Mme Clinton s’est, comme le secrétaire général de l’Otan Anders Fogh Rasmussen, dit satisfaite des annonces faites lors de la réunion de Bruxelles. L’ancien premier ministre danois a confirmé vendredi matin à Bruxelles l’envoi par les alliés de sept mille soldats supplémentaires en 2010, en plus des 30 000 hommes envoyés en renfort par les Etats-Unis.

Selon M. Rasmussen, vingt-cinq pays alliés sur les 44 représentés au sein de l’Isaf ont confirmé l’envoi prochain de troupes en renfort. Une conférence consacrée spécifiquement à la «génération de forces», et aux priorités de l’Isaf aura lieu dans la capitale belge dès lundi 7 décembre.

L’autre point important est l’affirmation, par l’Otan, de sa volonté de rester en Afghanistan aux côtés du gouvernement de Kaboul, malgré l’annonce de Barack Obama sur l’ouverture d’une «période de transition» à partir de juillet 2011. «Transition ne veut pas dire retrait, a clarifié M. Rasmussen avant de rejoindre le Conseil Otan-Russie. Nous ne quitterons pas l’Afghanistan. Une nouvelle phase s’ouvre dans cette mission dont personne ne doit attendre des résultats instantanés».

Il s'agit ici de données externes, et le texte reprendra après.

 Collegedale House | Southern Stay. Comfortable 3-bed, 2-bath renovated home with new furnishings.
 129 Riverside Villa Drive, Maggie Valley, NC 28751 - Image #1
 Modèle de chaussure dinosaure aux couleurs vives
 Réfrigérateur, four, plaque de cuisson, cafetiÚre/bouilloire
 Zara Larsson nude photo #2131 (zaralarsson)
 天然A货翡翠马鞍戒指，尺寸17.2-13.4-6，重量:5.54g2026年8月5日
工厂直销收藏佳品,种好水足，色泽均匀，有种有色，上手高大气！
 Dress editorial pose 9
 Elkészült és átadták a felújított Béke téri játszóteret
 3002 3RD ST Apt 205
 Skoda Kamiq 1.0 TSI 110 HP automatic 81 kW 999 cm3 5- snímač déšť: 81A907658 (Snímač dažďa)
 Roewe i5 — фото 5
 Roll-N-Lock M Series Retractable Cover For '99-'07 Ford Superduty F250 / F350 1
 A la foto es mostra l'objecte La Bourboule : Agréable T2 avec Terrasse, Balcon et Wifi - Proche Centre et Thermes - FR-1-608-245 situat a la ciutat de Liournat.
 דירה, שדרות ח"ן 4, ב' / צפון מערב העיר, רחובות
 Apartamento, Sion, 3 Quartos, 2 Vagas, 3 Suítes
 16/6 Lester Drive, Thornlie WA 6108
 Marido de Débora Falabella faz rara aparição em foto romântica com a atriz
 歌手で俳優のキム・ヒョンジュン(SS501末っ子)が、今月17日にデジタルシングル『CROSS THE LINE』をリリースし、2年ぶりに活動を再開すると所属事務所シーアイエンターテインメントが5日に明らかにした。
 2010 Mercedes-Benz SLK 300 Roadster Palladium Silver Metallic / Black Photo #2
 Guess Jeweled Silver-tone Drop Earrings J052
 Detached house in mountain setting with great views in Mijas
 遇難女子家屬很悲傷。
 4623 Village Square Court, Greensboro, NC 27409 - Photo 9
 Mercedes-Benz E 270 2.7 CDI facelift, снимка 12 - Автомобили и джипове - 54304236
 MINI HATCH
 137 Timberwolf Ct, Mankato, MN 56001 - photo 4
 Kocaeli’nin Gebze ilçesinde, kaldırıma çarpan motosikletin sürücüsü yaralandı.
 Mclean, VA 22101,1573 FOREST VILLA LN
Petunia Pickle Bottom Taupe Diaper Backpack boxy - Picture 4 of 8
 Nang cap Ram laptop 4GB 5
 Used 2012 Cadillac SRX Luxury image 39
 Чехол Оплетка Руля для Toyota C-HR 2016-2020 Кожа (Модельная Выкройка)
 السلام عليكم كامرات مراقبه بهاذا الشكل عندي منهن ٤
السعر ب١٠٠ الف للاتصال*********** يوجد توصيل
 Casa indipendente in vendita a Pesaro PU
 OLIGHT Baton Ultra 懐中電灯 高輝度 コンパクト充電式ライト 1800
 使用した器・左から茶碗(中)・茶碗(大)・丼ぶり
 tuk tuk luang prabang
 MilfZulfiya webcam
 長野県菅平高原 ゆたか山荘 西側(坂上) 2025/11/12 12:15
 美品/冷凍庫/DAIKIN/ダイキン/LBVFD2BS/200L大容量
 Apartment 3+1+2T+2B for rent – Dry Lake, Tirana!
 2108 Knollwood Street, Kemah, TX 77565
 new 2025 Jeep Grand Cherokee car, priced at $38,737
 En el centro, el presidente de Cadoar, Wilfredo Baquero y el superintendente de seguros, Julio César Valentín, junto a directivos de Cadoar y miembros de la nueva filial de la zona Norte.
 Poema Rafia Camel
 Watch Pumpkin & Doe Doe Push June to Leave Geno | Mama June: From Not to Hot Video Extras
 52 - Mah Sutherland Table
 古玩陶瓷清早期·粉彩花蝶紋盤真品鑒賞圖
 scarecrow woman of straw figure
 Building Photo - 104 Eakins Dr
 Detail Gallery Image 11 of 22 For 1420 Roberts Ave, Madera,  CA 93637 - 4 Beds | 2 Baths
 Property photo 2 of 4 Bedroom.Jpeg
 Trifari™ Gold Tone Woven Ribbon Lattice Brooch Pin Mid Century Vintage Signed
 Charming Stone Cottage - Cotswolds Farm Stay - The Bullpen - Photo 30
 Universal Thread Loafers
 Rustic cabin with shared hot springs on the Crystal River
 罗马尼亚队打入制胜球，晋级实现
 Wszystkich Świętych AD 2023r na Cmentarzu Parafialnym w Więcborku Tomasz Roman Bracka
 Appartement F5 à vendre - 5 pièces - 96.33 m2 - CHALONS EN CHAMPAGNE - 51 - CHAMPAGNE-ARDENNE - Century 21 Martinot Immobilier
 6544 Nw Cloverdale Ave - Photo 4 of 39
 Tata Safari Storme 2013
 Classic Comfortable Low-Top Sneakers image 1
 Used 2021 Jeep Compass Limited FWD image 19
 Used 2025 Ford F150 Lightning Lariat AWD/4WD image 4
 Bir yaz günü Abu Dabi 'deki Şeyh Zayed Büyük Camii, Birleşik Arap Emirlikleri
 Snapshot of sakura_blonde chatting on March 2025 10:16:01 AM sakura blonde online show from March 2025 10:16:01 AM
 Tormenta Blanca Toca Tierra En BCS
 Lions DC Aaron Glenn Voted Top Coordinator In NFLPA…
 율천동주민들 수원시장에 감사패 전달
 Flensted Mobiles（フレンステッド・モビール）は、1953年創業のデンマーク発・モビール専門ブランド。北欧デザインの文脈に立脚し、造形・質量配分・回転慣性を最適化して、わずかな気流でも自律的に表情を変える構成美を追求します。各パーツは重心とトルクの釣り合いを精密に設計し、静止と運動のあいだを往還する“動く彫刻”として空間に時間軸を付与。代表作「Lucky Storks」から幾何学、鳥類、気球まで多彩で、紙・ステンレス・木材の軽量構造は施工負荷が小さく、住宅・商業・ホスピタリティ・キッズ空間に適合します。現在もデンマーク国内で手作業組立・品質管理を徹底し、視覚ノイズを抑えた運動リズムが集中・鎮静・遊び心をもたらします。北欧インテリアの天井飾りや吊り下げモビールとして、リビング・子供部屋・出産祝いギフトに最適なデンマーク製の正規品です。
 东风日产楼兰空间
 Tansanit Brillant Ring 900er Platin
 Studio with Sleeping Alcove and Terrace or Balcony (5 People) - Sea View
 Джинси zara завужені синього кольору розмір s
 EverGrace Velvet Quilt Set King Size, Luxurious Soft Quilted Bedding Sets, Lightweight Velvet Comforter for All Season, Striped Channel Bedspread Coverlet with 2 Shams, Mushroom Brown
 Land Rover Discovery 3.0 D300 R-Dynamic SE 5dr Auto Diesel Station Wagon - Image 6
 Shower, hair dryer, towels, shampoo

Interrogée sur la signification exacte de la transition annoncée par le président Obama à partir de juillet 2011, Hillary Clinton a confirmé qu’un retrait graduel des troupes commencerait à cette date, mais que les Etats-Unis n’abandonneront pas l’Afghanistan: «Notre engagement civil continuera longtemps après le retrait de nos troupes a-t-elle promis. Nous ne commettons pas les mêmes erreurs que dans le passé». Référence claire aux accusations portées par ceux qui comparent le conflit afghan à une nouvelle guerre du Vietnam.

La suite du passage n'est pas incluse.